Княжна не упала, с ней не сделалось дурноты. Она была уже бледна, но когда она услыхала эти слова, лицо ее изменилось, и что то просияло в ее лучистых, прекрасных глазах. Как будто радость, высшая радость, независимая от печалей и радостей этого мира, разлилась сверх той сильной печали, которая была в ней. Она забыла весь страх к отцу, подошла к нему, взяла его за руку, потянула к себе и обняла за сухую, жилистую шею.
– Mon pere, – сказала она. – Не отвертывайтесь от меня, будемте плакать вместе.
– Мерзавцы, подлецы! – закричал старик, отстраняя от нее лицо. – Губить армию, губить людей! За что? Поди, поди, скажи Лизе. – Княжна бессильно опустилась в кресло подле отца и заплакала. Она видела теперь брата в ту минуту, как он прощался с ней и с Лизой, с своим нежным и вместе высокомерным видом. Она видела его в ту минуту, как он нежно и насмешливо надевал образок на себя. «Верил ли он? Раскаялся ли он в своем неверии? Там ли он теперь? Там ли, в обители вечного спокойствия и блаженства?» думала она.

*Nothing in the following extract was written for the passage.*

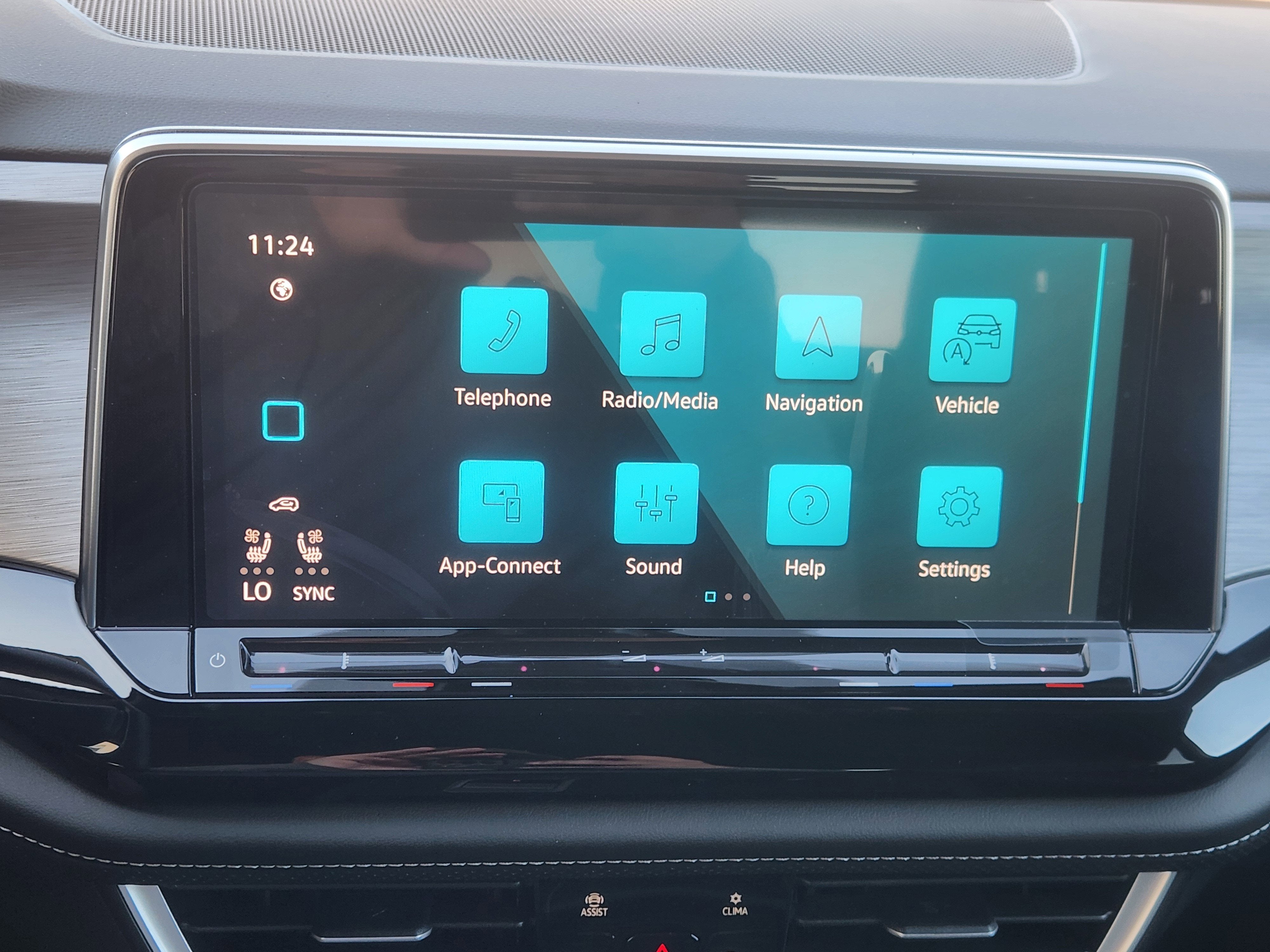 2026 Volkswagen Atlas Cross Sport 2.0T SE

– Mon pere, [Отец,] скажите мне, как это было? – спросила она сквозь слезы.
– Иди, иди, убит в сражении, в котором повели убивать русских лучших людей и русскую славу. Идите, княжна Марья. Иди и скажи Лизе. Я приду.

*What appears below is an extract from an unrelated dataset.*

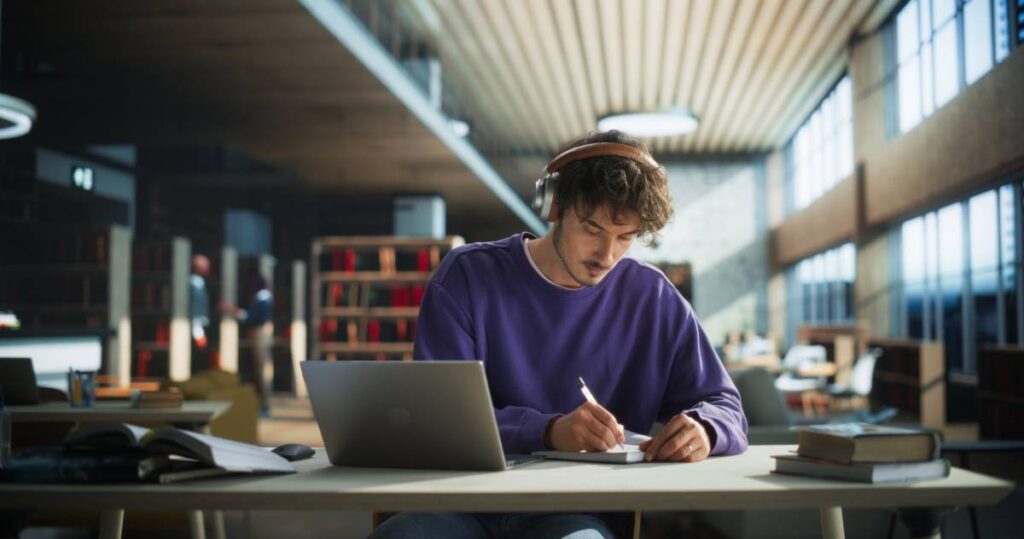 Étudiant salarié : avez-vous droit à la prime d'activité ?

Когда княжна Марья вернулась от отца, маленькая княгиня сидела за работой, и с тем особенным выражением внутреннего и счастливо спокойного взгляда, свойственного только беременным женщинам, посмотрела на княжну Марью. Видно было, что глаза ее не видали княжну Марью, а смотрели вглубь – в себя – во что то счастливое и таинственное, совершающееся в ней.
– Marie, – сказала она, отстраняясь от пялец и переваливаясь назад, – дай сюда твою руку. – Она взяла руку княжны и наложила ее себе на живот.

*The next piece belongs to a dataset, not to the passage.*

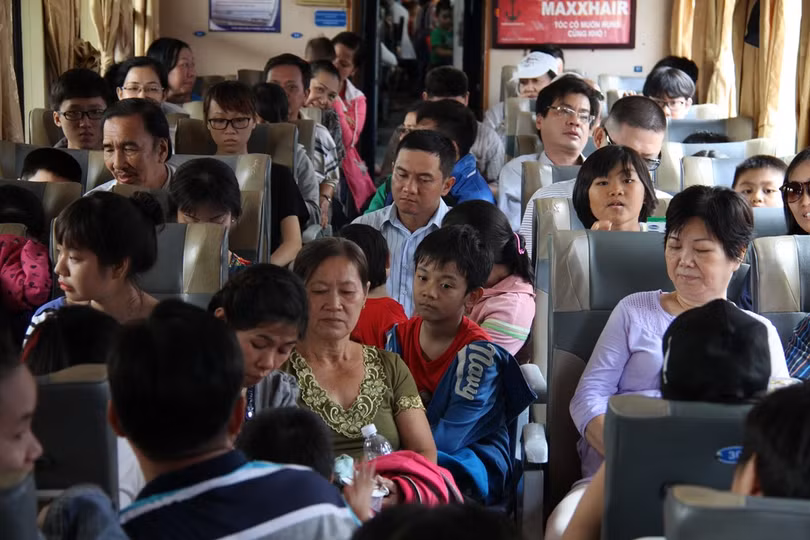 Tàu ngoại ô Sài Gòn - Dĩ An đắt khách ngày nghỉ lễ ảnh 5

Глаза ее улыбались ожидая, губка с усиками поднялась, и детски счастливо осталась поднятой.
Княжна Марья стала на колени перед ней, и спрятала лицо в складках платья невестки.
– Вот, вот – слышишь? Мне так странно. И знаешь, Мари, я очень буду любить его, – сказала Лиза, блестящими, счастливыми глазами глядя на золовку. Княжна Марья не могла поднять головы: она плакала.
– Что с тобой, Маша?
– Ничего… так мне грустно стало… грустно об Андрее, – сказала она, отирая слезы о колени невестки. Несколько раз, в продолжение утра, княжна Марья начинала приготавливать невестку, и всякий раз начинала плакать. Слезы эти, которых причину не понимала маленькая княгиня, встревожили ее, как ни мало она была наблюдательна. Она ничего не говорила, но беспокойно оглядывалась, отыскивая чего то. Перед обедом в ее комнату вошел старый князь, которого она всегда боялась, теперь с особенно неспокойным, злым лицом и, ни слова не сказав, вышел. Она посмотрела на княжну Марью, потом задумалась с тем выражением глаз устремленного внутрь себя внимания, которое бывает у беременных женщин, и вдруг заплакала.
– Получили от Андрея что нибудь? – сказала она.
– Нет, ты знаешь, что еще не могло притти известие, но mon реrе беспокоится, и мне страшно.
– Так ничего?
– Ничего, – сказала княжна Марья, лучистыми глазами твердо глядя на невестку. Она решилась не говорить ей и уговорила отца скрыть получение страшного известия от невестки до ее разрешения, которое должно было быть на днях. Княжна Марья и старый князь, каждый по своему, носили и скрывали свое горе. Старый князь не хотел надеяться: он решил, что князь Андрей убит, и не смотря на то, что он послал чиновника в Австрию розыскивать след сына, он заказал ему в Москве памятник, который намерен был поставить в своем саду, и всем говорил, что сын его убит. Он старался не изменяя вести прежний образ жизни, но силы изменяли ему: он меньше ходил, меньше ел, меньше спал, и с каждым днем делался слабее. Княжна Марья надеялась. Она молилась за брата, как за живого и каждую минуту ждала известия о его возвращении.